Caption-style text data:

BEGIN

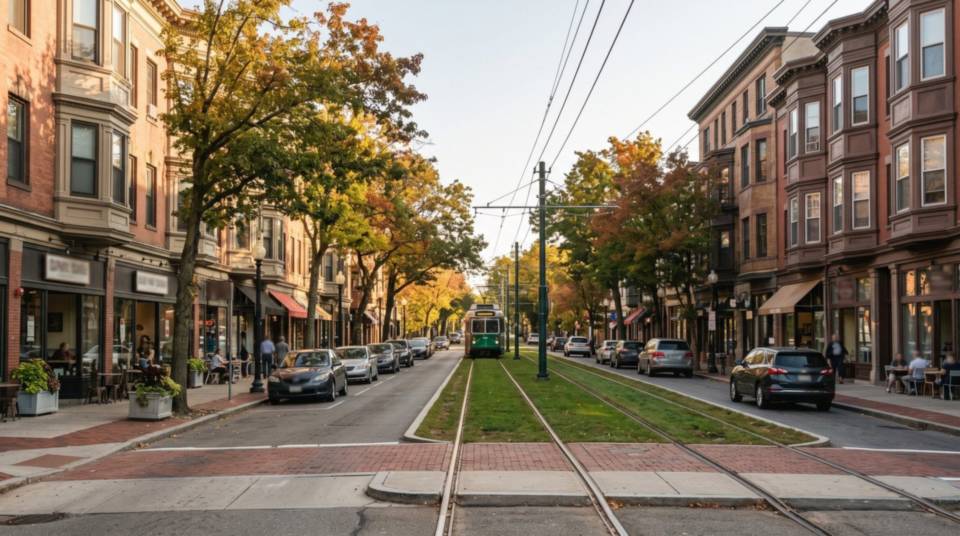 Autumn in Brookline, Massachusetts
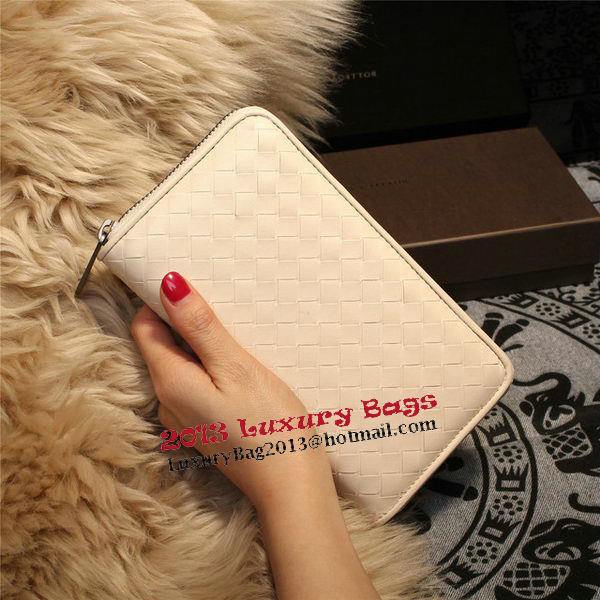 Bottega Veneta Intrecciato Nappa Zip Around Wallets 114073 OffWhite Bottega Veneta Intrecciato Nappa Zip Around Wallets 114073 OffWhite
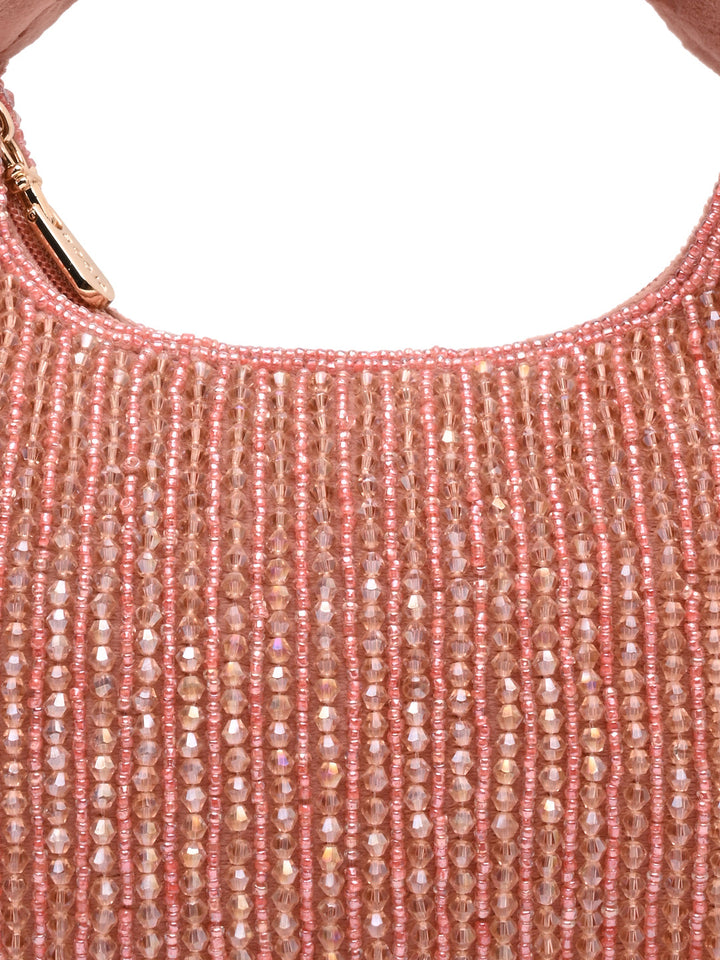 Rocia By Regal Pink Women Crystal Work Handbag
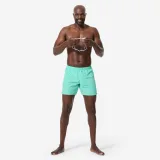 DECATHLON Pánske šortkové plavky Basic New zelené 2XL-3XL · záber 2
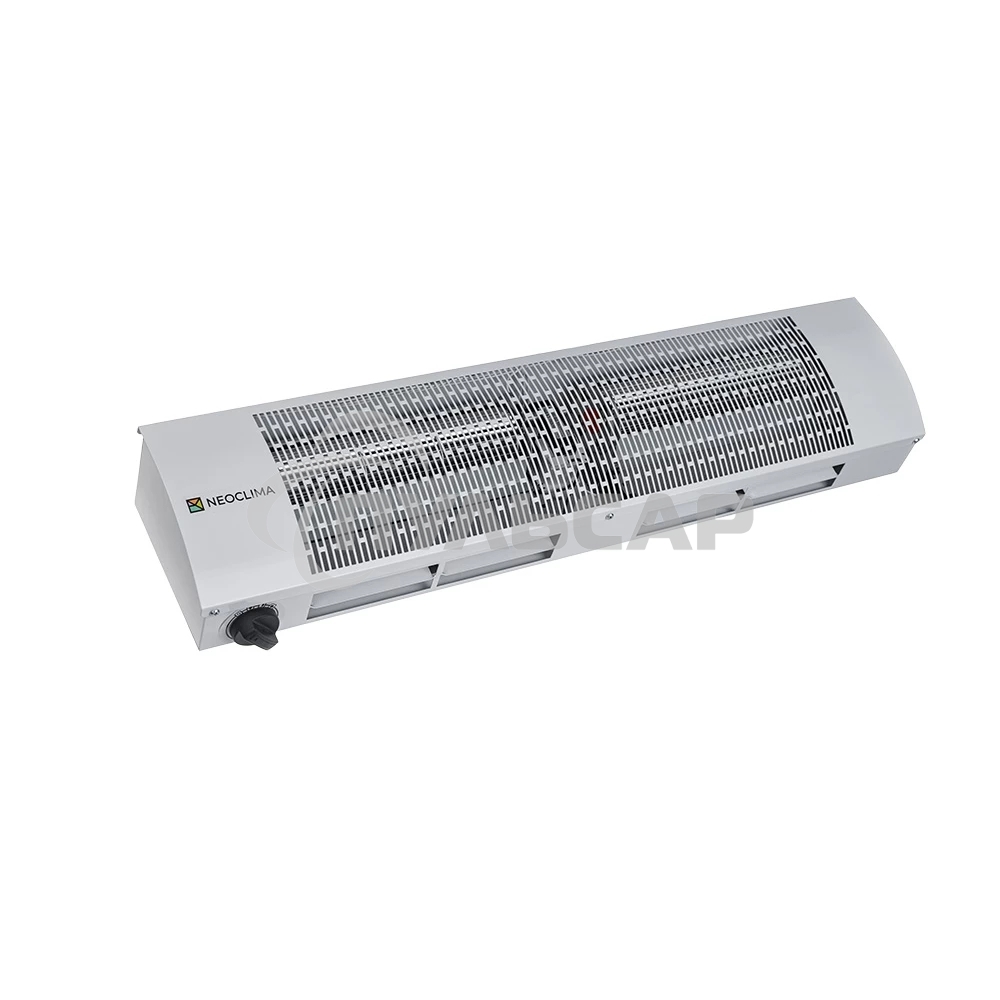 Тепловая завеса Neoclima ТЗС-508, 2 ступени мощности 2500/5000 Вт., Ленточный нагревательный элемент, моментальный нагрев, 800х172х172мм
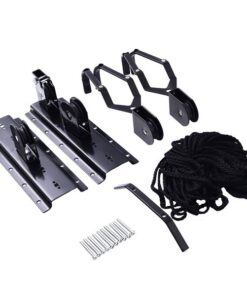 Bike Ceiling Lift Rack with Garage Organization Hoist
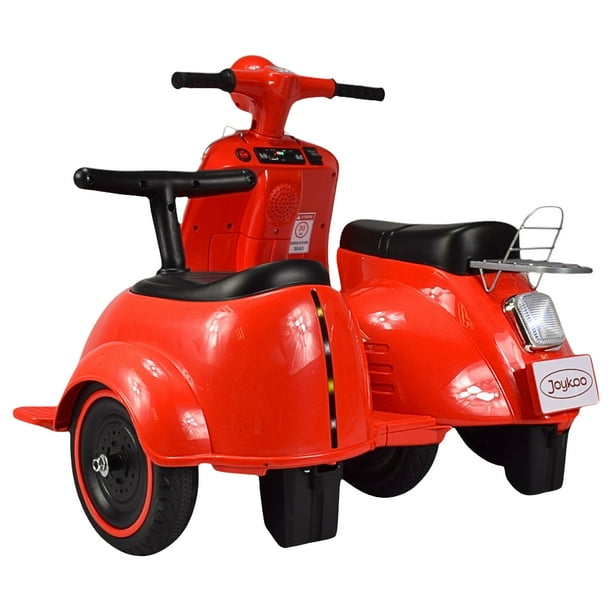 Motocicleta Montable Eléctrica JOYKOO Doble Asiento Sonido Luz Led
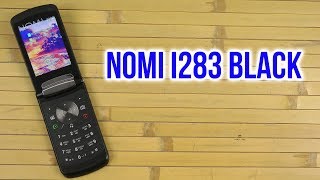 Распаковка Nomi i283 Black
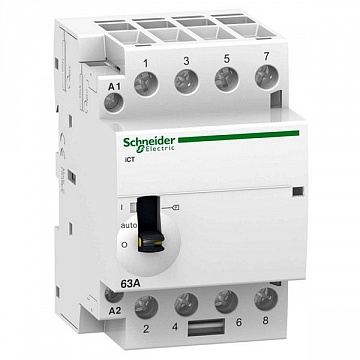 Модульный контактор iCT 4P 63А 400/24В AC A9C21164 Schneider Electric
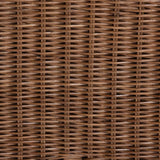 Modern European furniture - Scalloped Skirt Rattan Lounge Chair - www.oroa.com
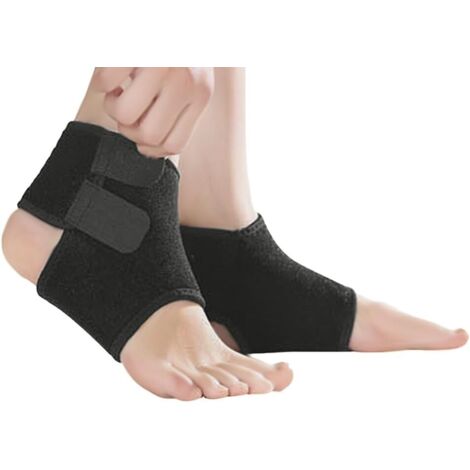Chevillère De Soutien - En Néoprène Respirant Avec Sangles Réglables - Pour Enfants - Prévention Des Entorses Et Soutien Tendineux - Lot De 2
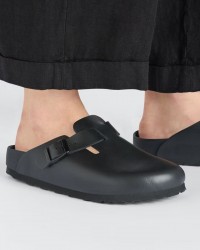 Birkenstock - Boston Exquisite Pelle Nero Donna 1026789 BLACK I25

END

§ **Work to complete**
Reproduce only the lines from the line that holds "Тепловая завеса Neoclima" through the end of the records, exactly as they stand, both ends included and pictures excluded.

§ **Answer to this problem**
 Тепловая завеса Neoclima ТЗС-508, 2 ступени мощности 2500/5000 Вт., Ленточный нагревательный элемент, моментальный нагрев, 800х172х172мм
 Bike Ceiling Lift Rack with Garage Organization Hoist
 Motocicleta Montable Eléctrica JOYKOO Doble Asiento Sonido Luz Led
 Распаковка Nomi i283 Black
 Модульный контактор iCT 4P 63А 400/24В AC A9C21164 Schneider Electric
 Modern European furniture - Scalloped Skirt Rattan Lounge Chair - www.oroa.com
Chevillère De Soutien - En Néoprène Respirant Avec Sangles Réglables - Pour Enfants - Prévention Des Entorses Et Soutien Tendineux - Lot De 2
 Birkenstock - Boston Exquisite Pelle Nero Donna 1026789 BLACK I25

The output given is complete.